28 January 2016

Jonas' Threats

It seems that just about everyone not in a coma heard about winter storm Jonas, both the threat and the reality. The National Weather Service was very accurate with their prognostication for Floyd County and should be commended. The news media, however, seemed to fear this was going to become the gateway to the next Ice Age. The truth: 12-14 inches, mostly falling on Friday, dead calm so almost no drifting, and dry enough that it did not adhere to conifers (thus no downed power lines).

The day before the storm was a beautiful day, cloudless until about 3:00 p.m., dead still, and about 50F. In the afternoon, thick cirrus clouds appeared without notice, the humidity soared and you could feel a major change was in the air. This was an ideal day to make last minute preparations, including: bringing firewood up to the porch, drawing 10 gallons of water in case the power went out, checking the tractors see they had full tanks of diesel and were covered, double checking the backup supplies for the felines and canines, loading the cameras with film/charging batteries in digital cameras, etc. Robust human foods were also laid in so large quantities of beans, meat, etc., were available, with an eye to foodstuffs that could be cooked in the fireplace if required.

 Snowfall began about 4:30 a.m. Friday and continued until Saturday mid-morning without ceasing.
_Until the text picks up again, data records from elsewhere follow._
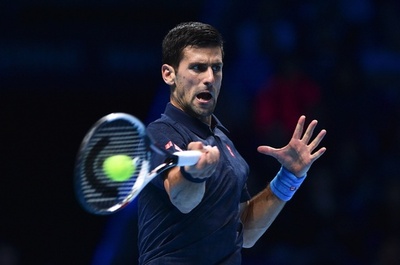 配慮求めるジョコビッチ、頭ごなしに警告したアンパイアに反論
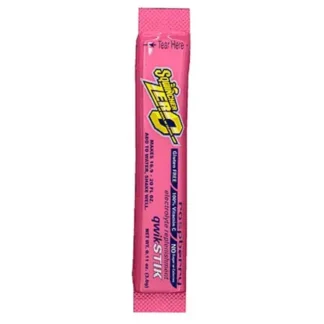 Sqwincher Qwik Stick™ Zero - Raspberry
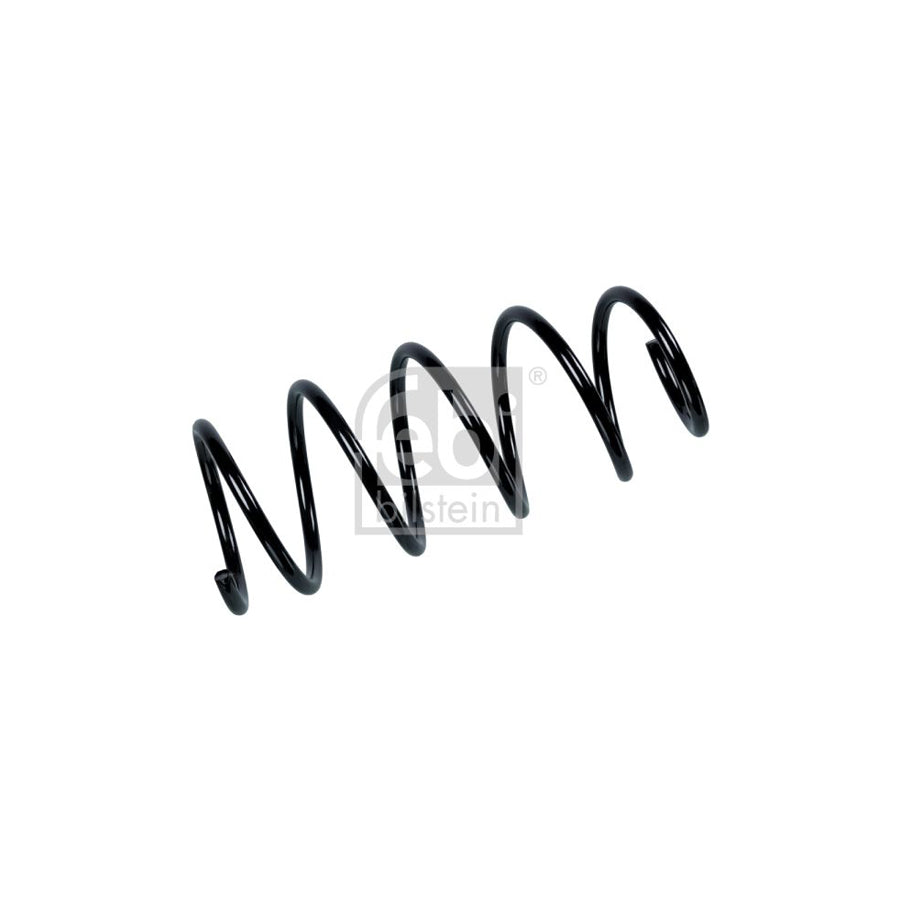 Febi Bilstein 104729 Coil Spring For Renault Clio II Hatchback (Bb, Cb)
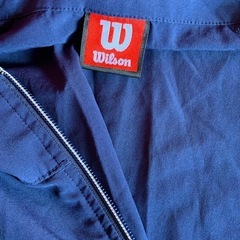 Wilson‼️セットアップジャージの画像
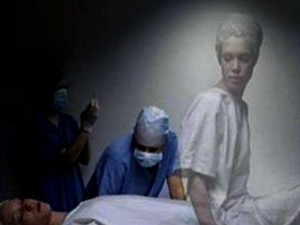 Alimlərdən şok araşdırma: Sən demə, insan ürəyin dayanması ilə ölmürmüş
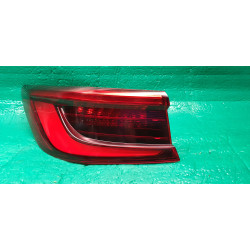 F03661500 Infiniti QX50 Left LED Tail Lamp 2018-2022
It was a very heavy snowfall, the sky was dark all day, but despite the length and density of snow, there was not as much accumulation as you would expect. The snow had an unusual texture, nearly crystalline, like Graupel or Snow Pellets and stayed in that form during the entire event. There were some on-and-off waves of snow on Saturday afternoon but they did little to add to the depth on the ground. By Sunday, the skies were a beautiful blue once more.

the car on Saturday morning

The birds were desperate for food and feeders remained buzzing with birds all through the weather event. They were consuming more than seven pounds a day! Blue jays, cardinals, juncos, doves, a pair of starlings (!), and numerous small birds.

The worst of the snowfall passed by about noon on Saturday but the sky failed to brighten one tiny iota. It was literally dark all day. Then the winds came up from the west, swinging to the north. Sounds terrible, eh? So your humble author suited up and with two cameras, one film, one digital, in deep protective pockets, trudged off to seek interesting compositions.

Mr. Fuzzy cooked up a storm during the storm, it just seemed like the thing to do. Not the most elaborate but favorite meal was buttermilk, cornbread with sorghum and a pot full of mixed beans and pig knuckles. Oh, and a dark Scottish beer for desert.

Sunday was largely cloudless and beautiful, the storm had passed. Here are two views of that sunset, one looking east and one west. All in all, this snow was less than a number of events in the winters of 2008-09 and 2009-10, and unlike those storms, this has been followed by warm days. At this point, most of the snow has melted away and the forecast for Monday is 59F. This was a perfect storm, beautiful, and then gone!